Vigil for children killed in Timaru

An ever-increasing collection of flowers and toys have been laid on the driveway of the Queen St home where three children were killed last week. PHOTO: HELEN HOLT
An ever-increasing collection of flowers and toys have been laid on the driveway of the Queen St home where three children were killed last week. PHOTO: HELEN HOLT
Timaru tonight will hold a vigil for the three children killed in their Queen St home a week ago.

Two-year-old twins Karla and Maya Dickason and their 6-year-old sister Liane were found dead shortly after 10pm on Thursday, September 16. A woman on the property was taken to Timaru Hospital.

The children’s mother, 40-year-old Lauren Dickason, appeared in court on Saturday charged with their murders. She did not enter a plea, and was remanded to a secure forensic mental health facility in Christchurch for a psychiatric assessment, and is to reappear in the High Court at Timaru on October 5.

Timaru Hospital chaplain Alan Cummins has been asked by organisers to lead tonight’s event.

‘‘It will be a Christian service. It will be mainly reflective, with a few readings, and a moment of silence. We’ve invited people to light a candle in remembrance.
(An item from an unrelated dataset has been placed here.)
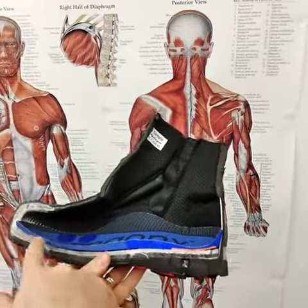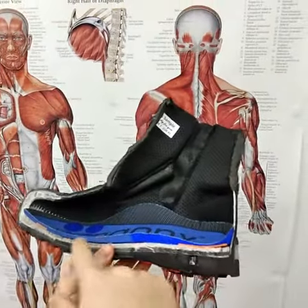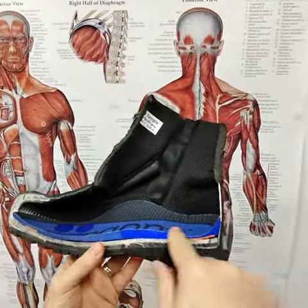If you have a look at the cross-section of our insole, you can see that it's not too thick through the heel and there's a lot of room to replace this with the custom-made orthotic.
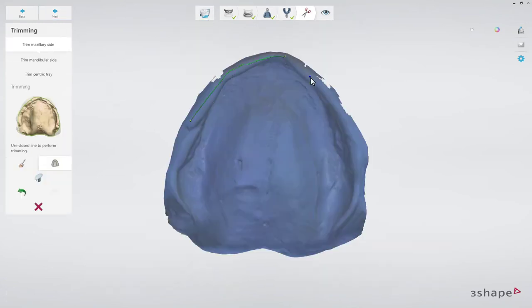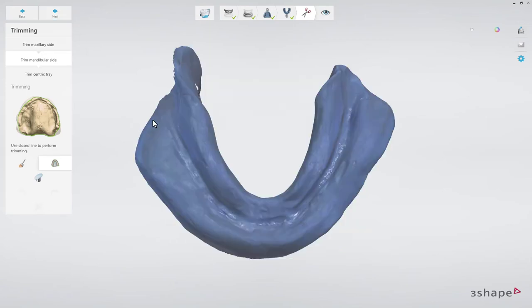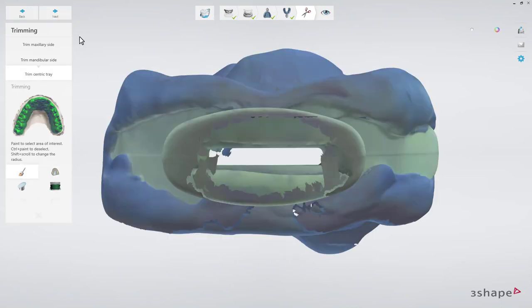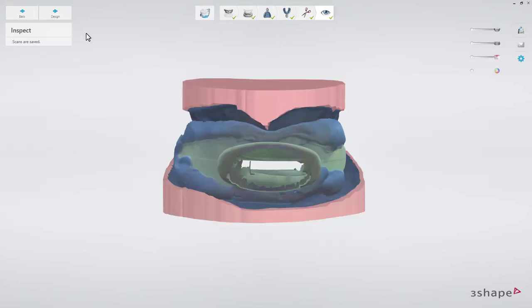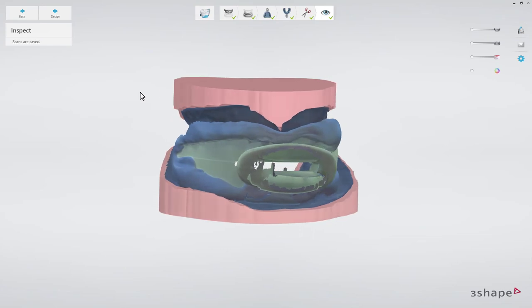Select the area of interest and with the help of the trimming tools, trim the maxillary side, mandibular side, and the Centric Tray. When trimming is done, you can inspect the scans, save the result, and start the designing procedure by clicking the Design button.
It won’t be a long service.’’ ‘‘It’s just a chance to remember the girls and acknowledge the parents.’’

The vigil will be held today at 7pm outside the family’s Queen St address.

On Saturday, members of the community are invited to bring a flower to a floral float on Caroline Bay.

Graham and Lauren Dickason arrived in New Zealand last month with their daughters Liane and twins Maya and Karla.

The South African family completed two weeks in managed isolation before travelling to Timaru where Mr Dickason, an orthopaedic surgeon, had a job with the South Canterbury District Health Board.

Just a week after they arrived in Timaru, Mrs Dickason allegedly killed the three children.

Mr Dickason arrived home from a work function about 9.40pm on Thursday night to find his three children dead. Police were called by a neighbour who heard his distress.

A relative of Mr Dickason was expected to arrive in New Zealand on Tuesday to support him.

Police have finished their scene examination of the house where the girls were killed and handed the property back to their grieving father.

Detective Inspector Scott Anderson said the examination of the scene was completed on Saturday night.

Det Insp Anderson, the officer in charge of the triple homicide investigation, met the grieving father on Monday.

‘‘We — police and Victim Support — are continuing to support Graham through this tragic time,’’Det Insp Anderson said.

‘‘I also know the South Canterbury District Health Board are also giving him heaps of support.’’

Det Insp Anderson said the investigation into the alleged triple murder was far from over. Alongside gathering relevant information for the prosecution, the coroner might also open an inquiry. It was understood any funeral details for the slain sisters were yet to be finalised.

Their bodies were removed from the scene on Friday afternoon and police formed a guard of honour as the hearse moved slowly away from the house.

The specific details of their deaths have been suppressed and cannot be reported.